**What is needed:**
All pictures are to be omitted while the lines starting at the line with "一名妇女将新鲜食品装入汽车行李箱的购物袋" and ending at the line with "Collision Devices Black Hole Symmetry" in the material below are retyped exactly, both ends included.

**Provided information:**
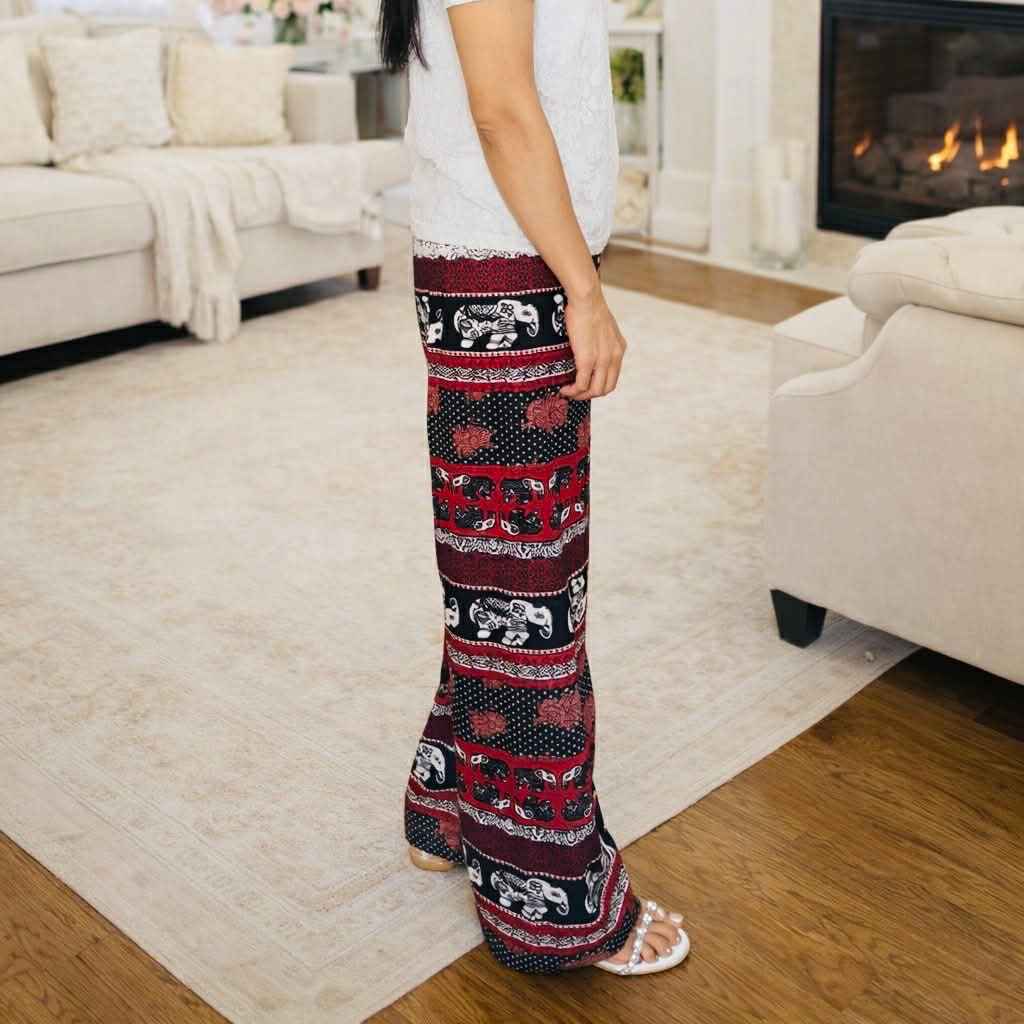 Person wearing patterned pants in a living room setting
--
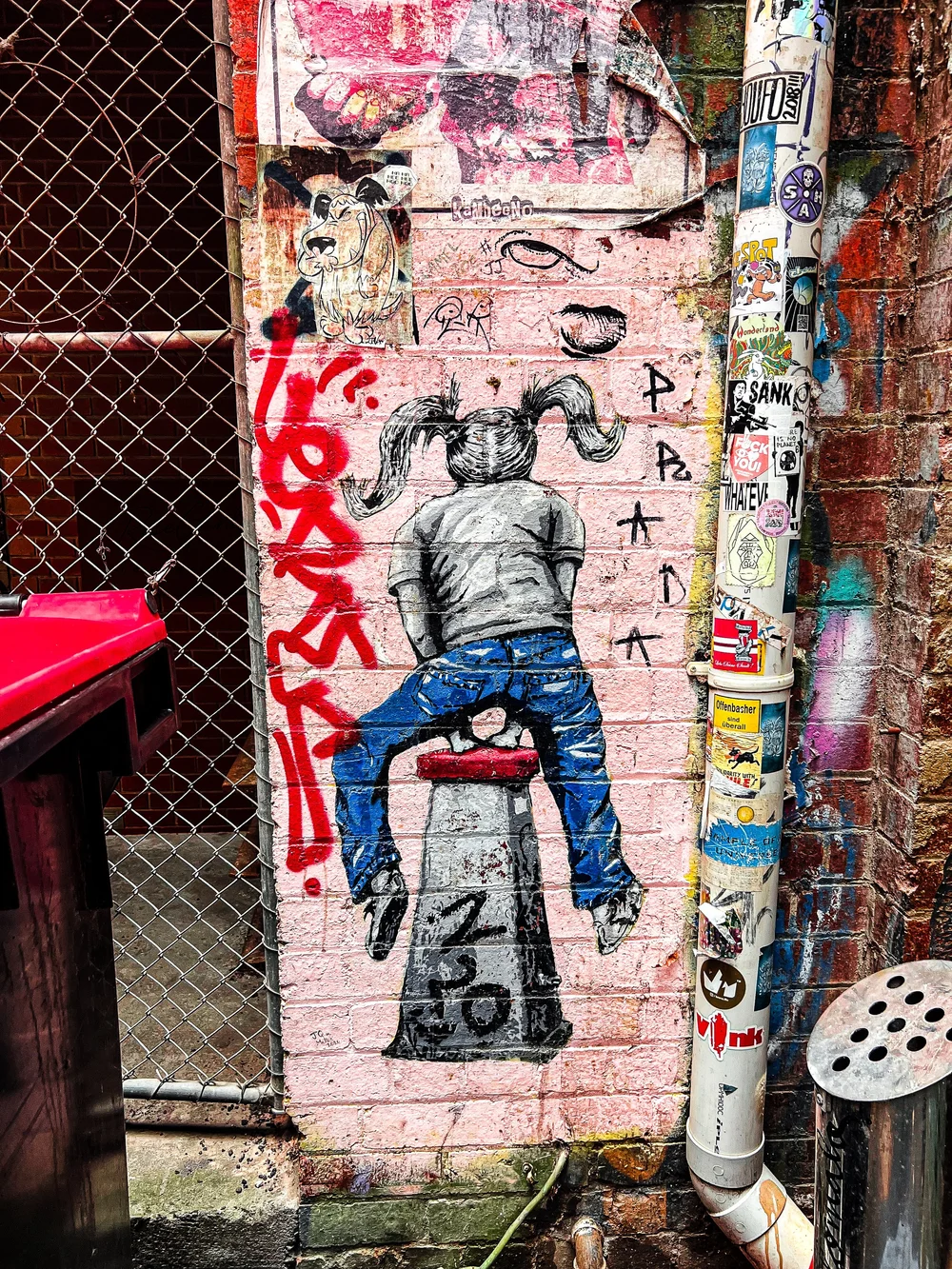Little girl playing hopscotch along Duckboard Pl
---
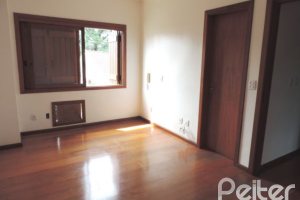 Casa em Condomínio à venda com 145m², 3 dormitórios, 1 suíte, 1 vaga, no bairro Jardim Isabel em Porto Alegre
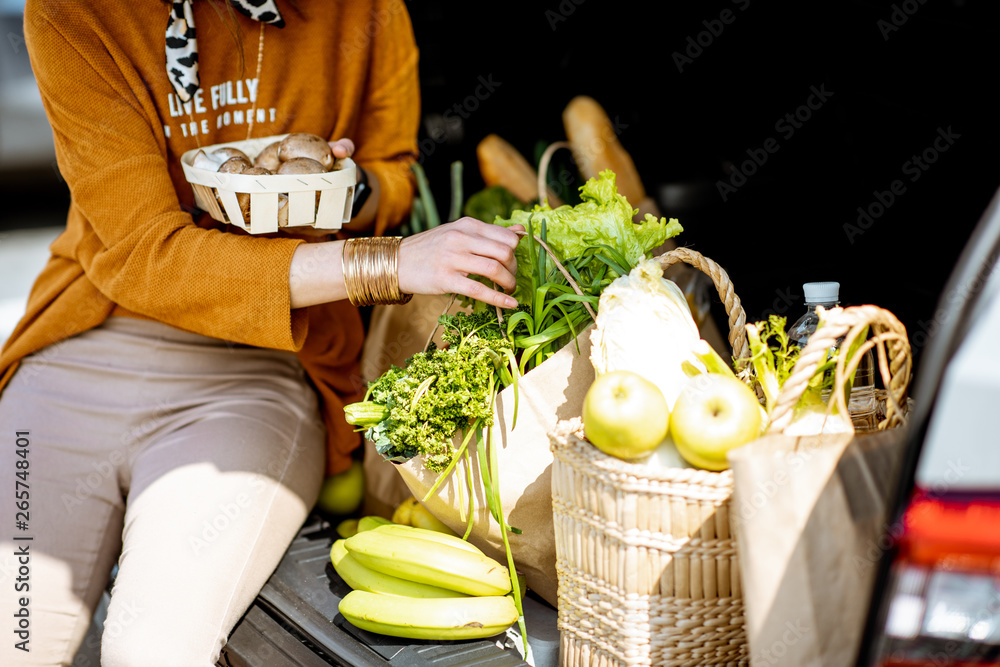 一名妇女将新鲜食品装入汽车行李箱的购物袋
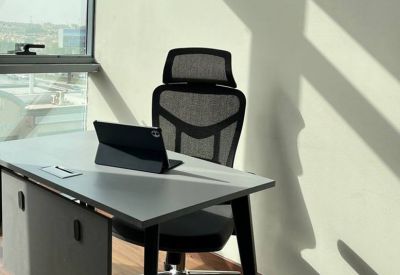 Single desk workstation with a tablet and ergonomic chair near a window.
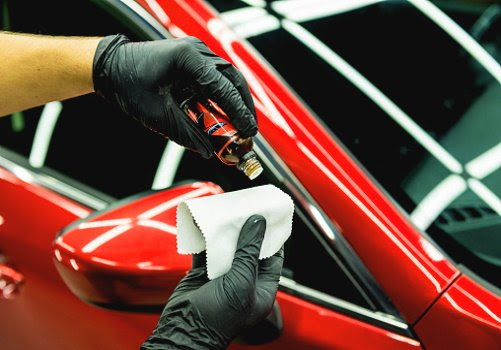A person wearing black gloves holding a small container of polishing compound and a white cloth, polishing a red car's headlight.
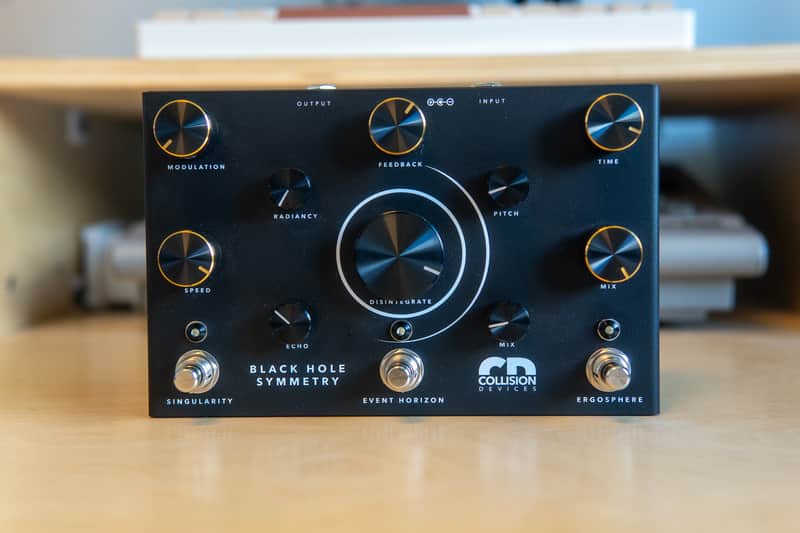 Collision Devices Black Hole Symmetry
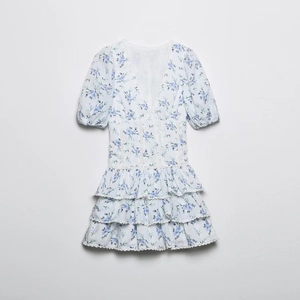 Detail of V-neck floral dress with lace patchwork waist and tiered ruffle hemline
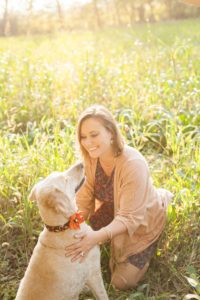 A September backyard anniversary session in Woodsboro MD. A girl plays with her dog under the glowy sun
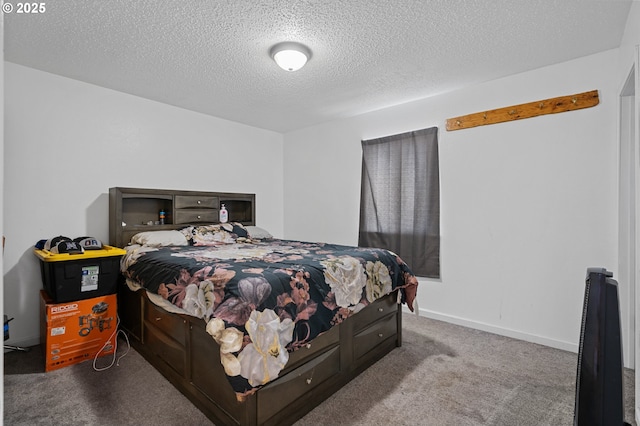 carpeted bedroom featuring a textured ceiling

**Answer below:**
 一名妇女将新鲜食品装入汽车行李箱的购物袋
 Single desk workstation with a tablet and ergonomic chair near a window.
A person wearing black gloves holding a small container of polishing compound and a white cloth, polishing a red car's headlight.
 Collision Devices Black Hole Symmetry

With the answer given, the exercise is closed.